I have listened to the BBC World Service for 20 years. Unfortunately I have noticed the deterioration of the UK transmission night-time service into a 24-hour news programme which is occasionally interrupted by that appalling serial Westway which makes me reach for the off button and prescribe its actors with a course of Prozac. Sadly now, if I want to hear the "real" world service I have to tune around on my short-wave set for the same international broadcasts I listen to when abroad. Any chance of bringing the old topical programmes back to the UK eg plays, comedy, nature and panel games, to name but a few? But please, please do not drop the title tune "Sailing By".
Virginia Tym, England
Rene L. Ash, USA
When I was a teenager in the 1940s I used to build simple radios. For some reason, the one station that I could always receive was the BBC World Service. I still hear the strains of Lilley Bolero whenever World Service is mentioned. I also listened regularly to news from Radio Moscow and Voice of America but I always felt that the BBC was the truth and the others were propaganda. Well brainwashed, eh?
I grew up in Darjeeling where during my childhood years a fair number of British families used to live. But, I recall BBC's Far Eastern Broadcasting Service with greater fondness than any of the tea planters' families. We as children were always encouraged to listen to BBC for it was supposed to represent the most correct form of English. There appears to be some definite measures of truth in that lesson: If I have acquired some vague hint of BBC accent and if I have learnt to write reasonably correct English, I owe it to the BBC. I guess, the BBC also encouraged my pro-British attitude and taught me the value of loyalty and fairness.

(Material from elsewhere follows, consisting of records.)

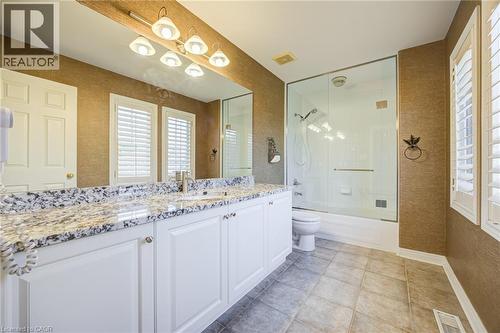 Bathroom featuring a double vanity with a patterned countertop, white cabinetry, and dual sinks - 4278 Clubview Drive, Burlington, ON - Indoor Photo Showing Bathroom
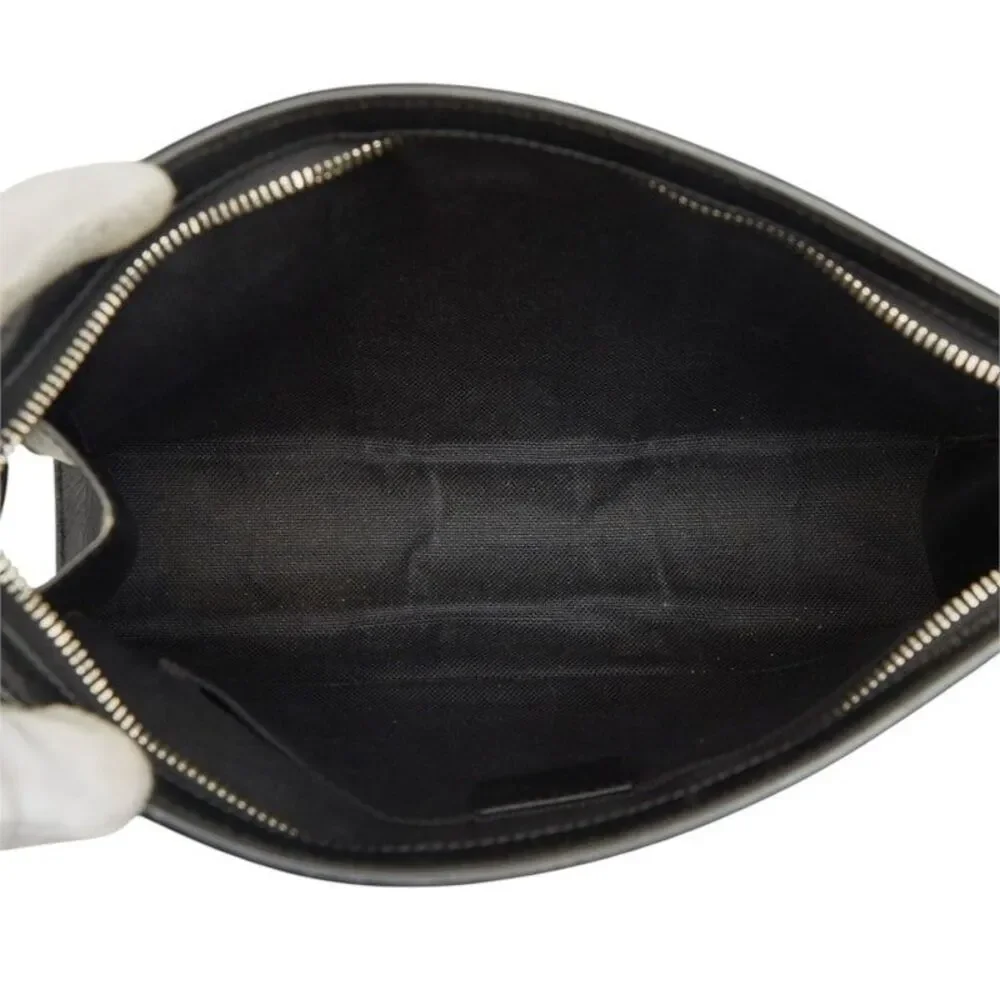 Gucci GG Supreme Clutch Bag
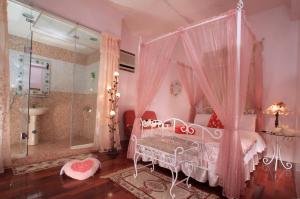 冬山鄉的住宿－情定珍珠民宿，粉红色的卧室设有天蓬床和淋浴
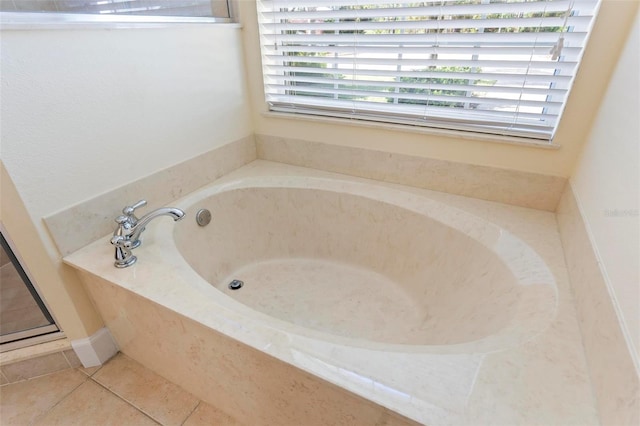 bathroom featuring tiled bath and tile patterned floors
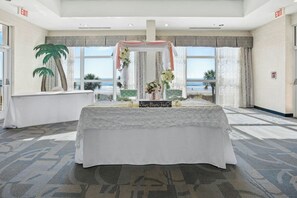 A room with a view of the ocean, a table with a white tablecloth, and a sign that reads 'Love Never Fails'. - Bay Watch Resort 0412 (North Myrtle Beach)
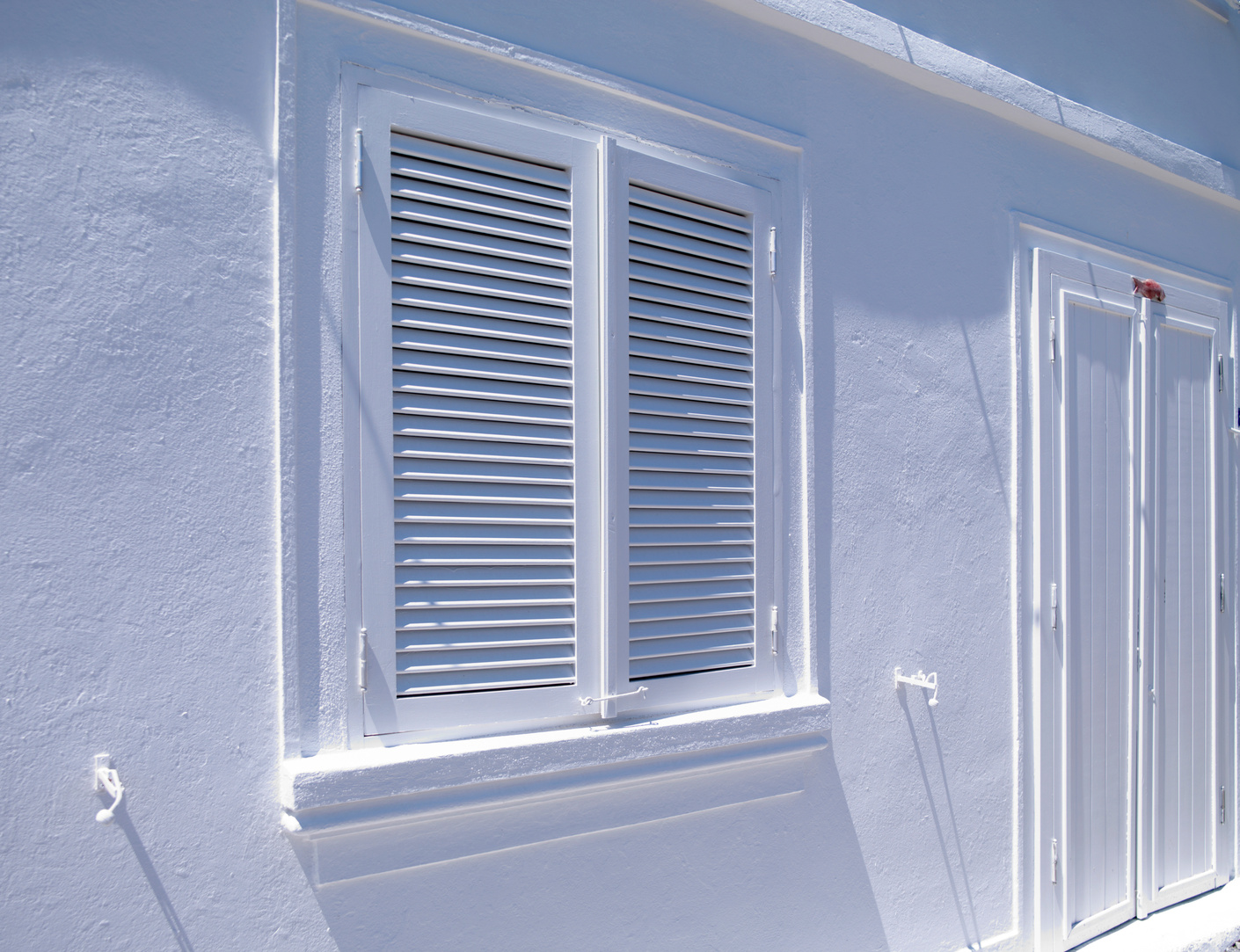 White painted house shutters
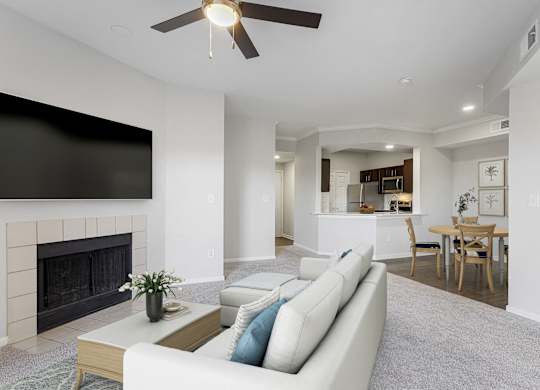 a living room with a couch and a fireplace at The Legends at Eagle Mountain Lake, Fort Worth, Texas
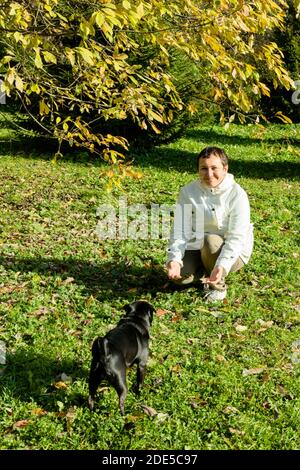 Schwarzer Mops Hund läuft zu seiner Geliebten mittleren Alters Frau in weißer Jacke auf natürlichem Hintergrund. Nahaufnahme. Speicherplatz kopieren Stockfoto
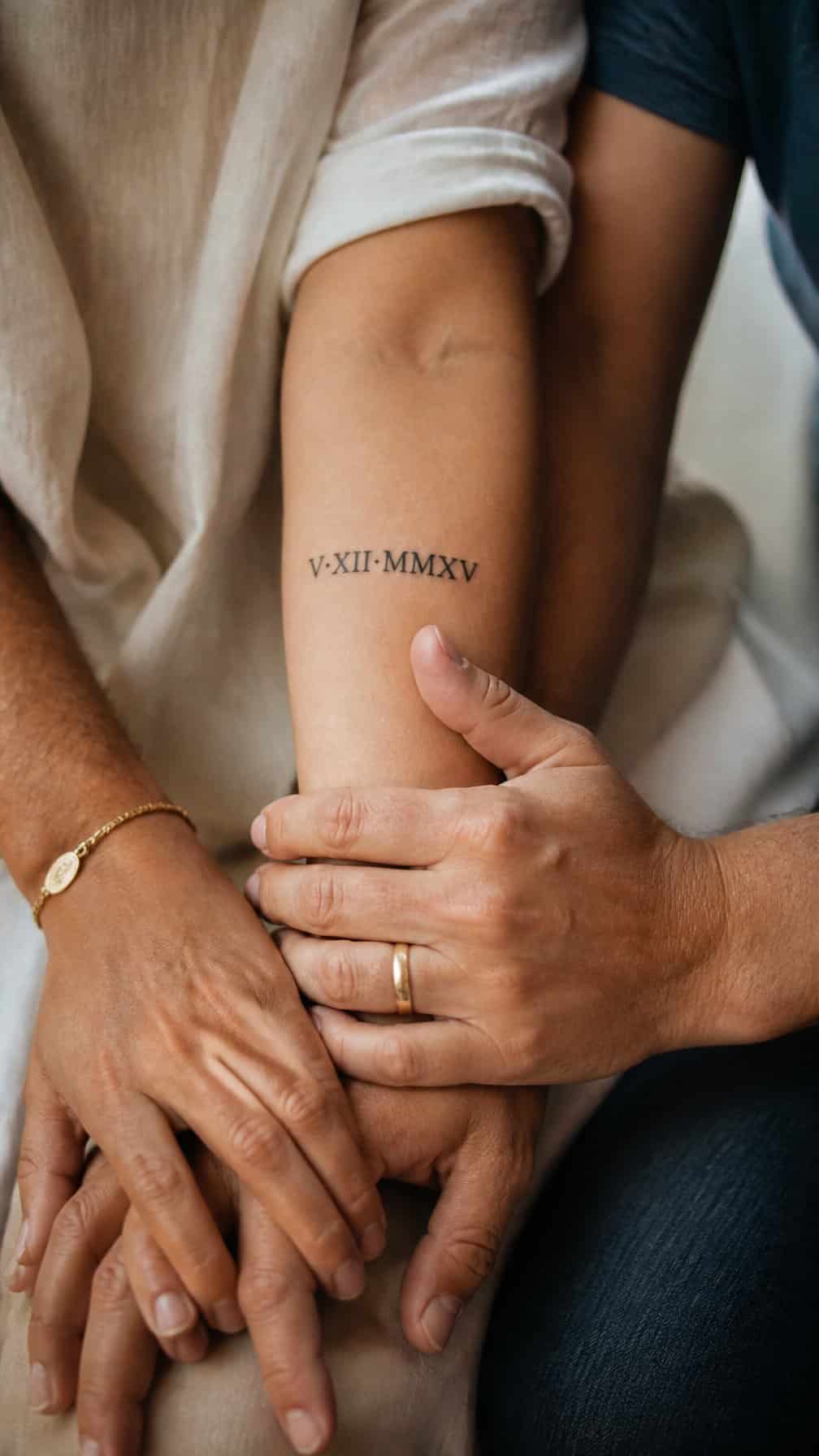 Family members gently place their hands together, with a small Roman numeral date tattoo visible on one forearm.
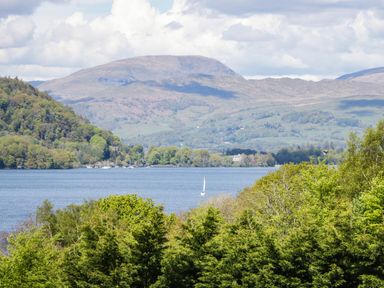 A scenic view of a lake surrounded by trees and mountains at Terabitha Lodge in Troutbeck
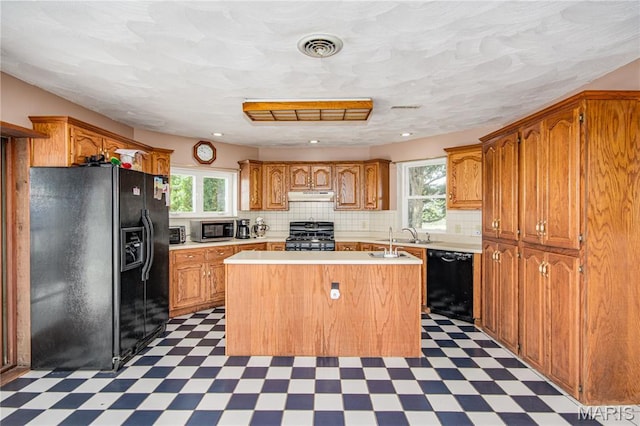 634 N 200th St, Vandalia, IL 62471 - kitchen featuring black appliances, tile patterned floors, under cabinet range hood, and healthy amount of natural light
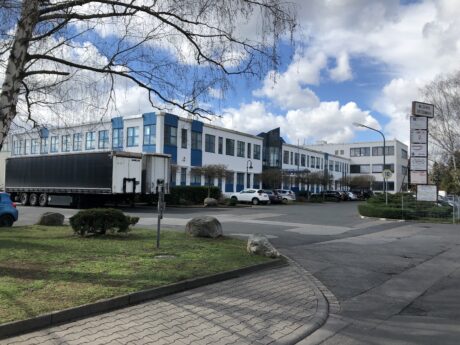Ein großes Industrie- oder Bürogebäude mit blauem und weißem Äußeren, ein geparkter Sattelschlepper, mehrere Autos, Bäume und ein Firmenschild unter einem teilweise bewölkten Himmel.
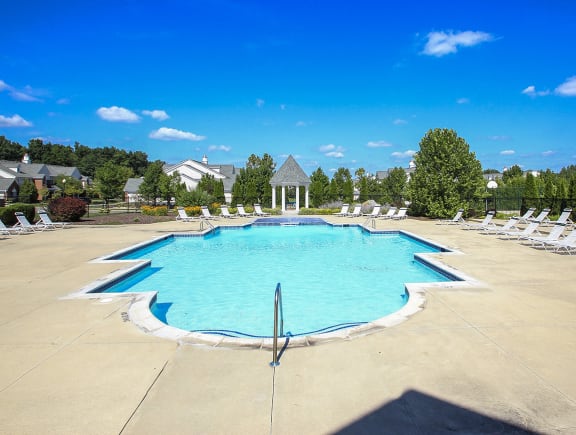 Large Outdoor Pool with Expansive Sundeck and Lounge Furniture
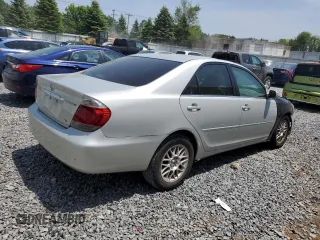 2006 Toyota Camry LE z VIN 4T1BF30K16U630147, wystawiony jako Copart lot #59696815 z przebiegiem 168 727 mil mil oraz Czysty tytuł • Clean title. Historia ofert i sprzedaży dostępna na DreamBid. Obrazek 3.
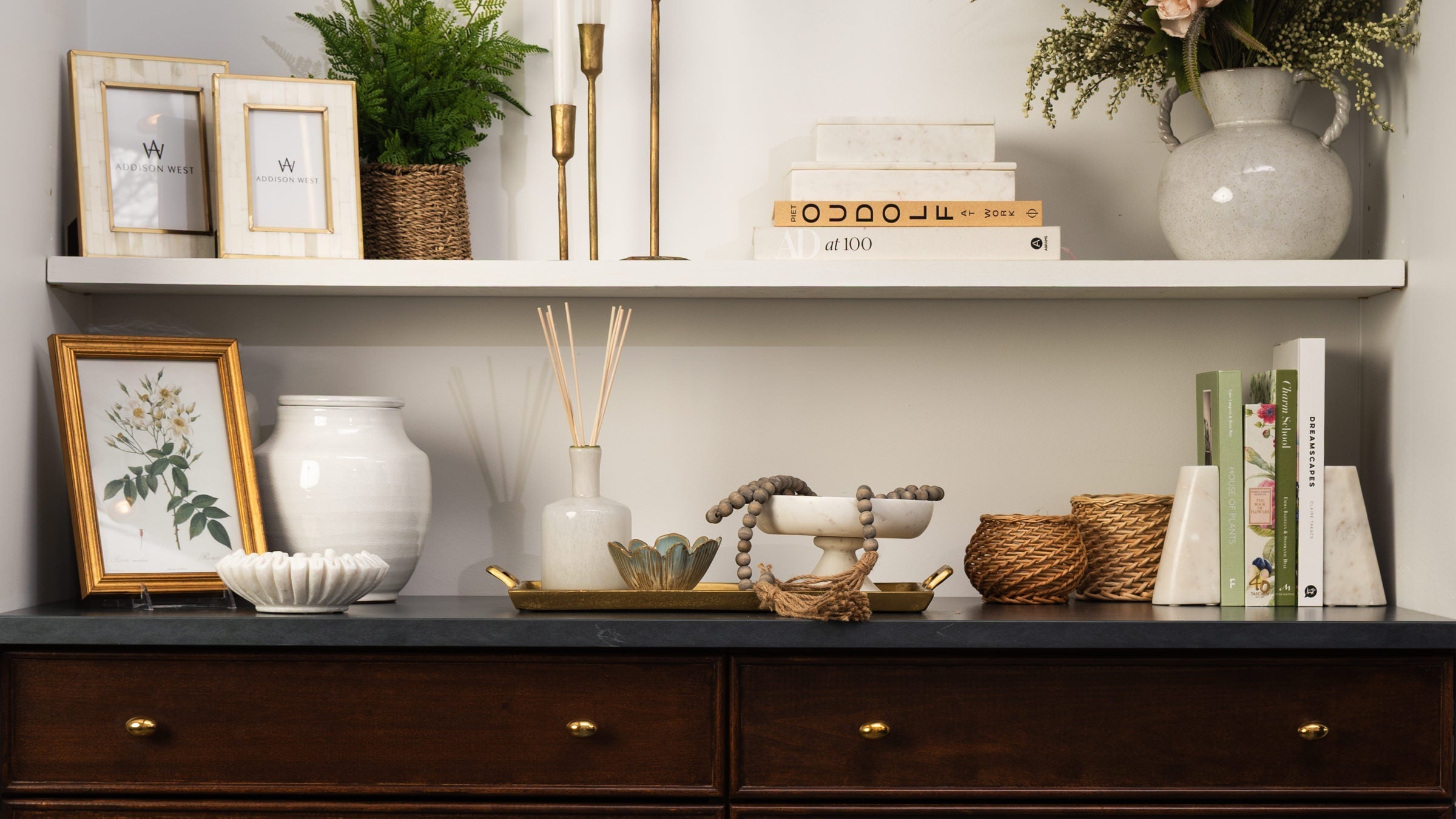 White shelves styled with white and neutral decor at Addison West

I started listening to the BBC World Service in the mid-70s, when I was a teenager and when my English became good enough to understand BBC broadcasts in English. Foreign stations broadcasting in Russian had been jammed and BBC World Service was the best source of weighted and well-structured information. I also learned a lot on Britain, the people and culture, the way of life, etc. I still remember the comments on the Soviet occupation of Afghanistan, on Falklands War, Soviet political establishment. Actually, BBC World Service did a big job in the shattering of the iron curtain. As the FT is an example of quality press, BBC World Service is an example of quality radio. I am still a keen listener.
Michael Lebron, Mongolia
It's Tasmania. Waking about 4.30. The night is beginning to give way and I roll over and stretch my arm under my bed. Pulling wire until suddenly it is freely moving across the carpet to my hand the orange radio given me by a can of instant coffee. Drifting now. Into and out of much of consciousness. BBC World Service. 90 minutes pass in this way. And peaceful and calm and scarcely believing my ears when after 6am morning shock-jocks get onto the air and twist their redneck interpretations of current affairs into the peoples ears. Silently I give thanks and praises. Thanks and praises. To God. That the BBC World Service has given unto me facts unlike any other. That the BBC World Service has been inside my mind as I awake and not any other. For the other morning news is so hopelessly incomplete. You complete me BBC.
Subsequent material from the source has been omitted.